Los cerrojos del corazón

 

Ricardo Sada Fernández

 

La pureza interior va más allá de lo puramente sexual, pues los afectos del corazón encuentran la paz. cuando se vacía del yo para que lo llene Dios.

 


Quizá con demasiada frecuencia se centra la lucha por la pureza de una persona en los aspectos relativos al sexto mandamiento. Y quizá también con demasiada frecuencia esa lucha no se centra en vivir el noveno. Y este mandamiento, bien vivido, valga decirlo, es la clave para vivir el sexto.

El noveno nos habla de los pecados interiores: “no consentirás pensamientos ni deseos impuros”. Si la lucha se ha ganado en el corazón, la victoria exterior está asegurada, ya que toda acción humana está siempre antecedida por un propósito interior. Si la lucha se perdió allá dentro, la derrota -total o parcial, de obra o de palabra-, también se ha producido ya: “en verdad os digo que todo el que mira a una mujer deseándola, ya adulteró con ella en su corazón” (Mt. 5, 18), pues “es del interior del hombre de donde proceden”, nos sigue diciendo Jesús, “los homicidios, los adulterios, las fornicaciones, los robos...” (Mt 15, 8).

Pero la pureza interior que se nos manda en este precepto -importa mucho entenderlo-, va más allá de lo puramente sexual, ya que prescribe también el orden en los afectos del corazón. Al corazón hay que guardarlo, cuidarlo, orientarlo. Siete cerrojos necesita, pues su fuerza -que es el amor- es la mayor de todas: bien encauzada, nos santifica; desbocada, nos destruye. ¡Cuántos matrimonios deshechos, cuántas vocaciones frustradas, por descorrer los cerrojos! ¡Cuántos enamoramientos, y cuántos sufrimientos, por los descuidos en la afectividad!.

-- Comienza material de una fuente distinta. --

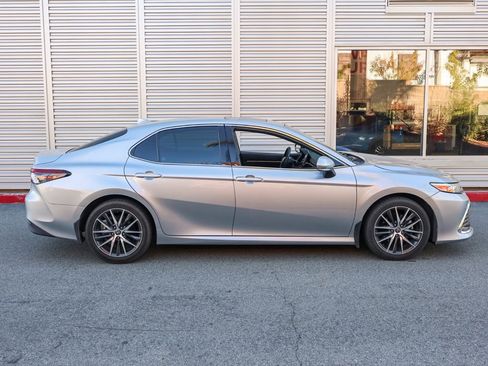 Used 2022 Toyota Camry XLE image 3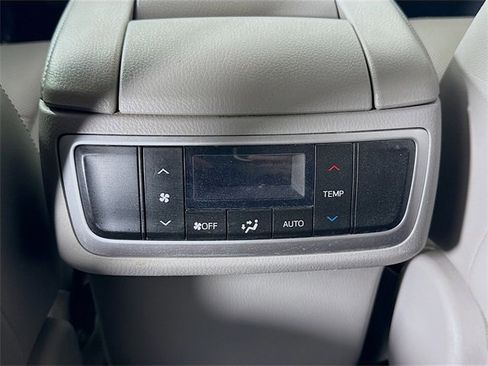 Used 2017 Toyota Highlander Limited image 26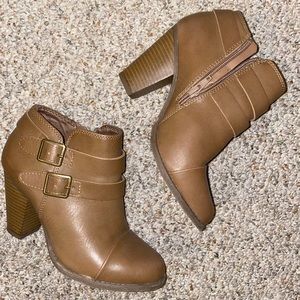 Light brown/ tan Lauren Conrad booties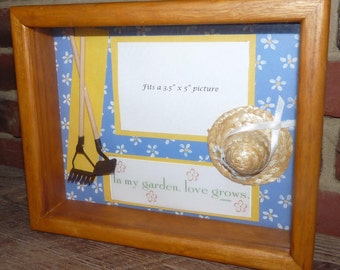 Garden Daisy Love Picture Frame Shadow Box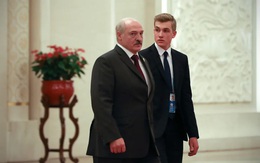 Căng thẳng tột độ: Belarus đóng biên với Ukraine, Ba Lan; rộ tin ông Lukashenko bí mật gửi con đến Moskva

El corazón, como todo en el hombre, debe estar regido por la recta razón, iluminada por la fe. Necesita una educación que lo oriente y lo lleve a madurar, como el niño necesita que lo enseñen a usar el tenedor y la cuchara. Y esa educación empieza -más que por evitar que se cuele algún amor malo-, por evitar que se salga el bueno. Nuestro corazón tiene una enorme necesidad de amar, y de amar sin limitaciones. Y cuando no está enamorado de quien debe -de Dios, en primer lugar- busca otros amores, que muchas veces no serán sino amoríos. Por eso, el noveno mandamiento (y todos) se vive viviendo el primero: “amarás, al Señor tu Dios con todo tu corazón, con toda tu mente, con toda tu alma y con todas tus fuerzas”.

Enseguida, debemos considerar que el amor verdadero viene con el sacrificio y la entrega, después de mucho tiempo de haberse probado, y es el que busca el bien de la persona amada. El sacrificio es la piedra de toque del amor (aunque, bien lo sabemos, mucho se ha distorsionado esta palabra, la más grande, pues Dios es amor).

El amor repentino -los enamoramientos juveniles- no son de ordinario sino amores egoístas: se quiere a una persona, es verdad, pero sólo por los beneficios -reales o imaginarios- que se piensa obtener de ella: presencia agradable, comprensión, sentirse amado, compañía y consuelo...

Los afectos se ordenan, el corazón encuentra su paz cuando busca no lo que halaga la vanidad y exacerba el egoísmo, sino cuando se vacía del yo para que lo llene Dios, cuando de verdad se le sirve a Él en nuestro prójimo. Y entonces sí, el cristiano podrá empezar a entender que debe tener puestos los cerrojos para no enamorarse de quien no debe, o que no debe enamorarse de tal modo y con tal falta de control que ese amor lo obceque y le impida reaccionar como cristiano, hijo de un Dios que es Padre y a quien debe dar su mayor y mejor amor.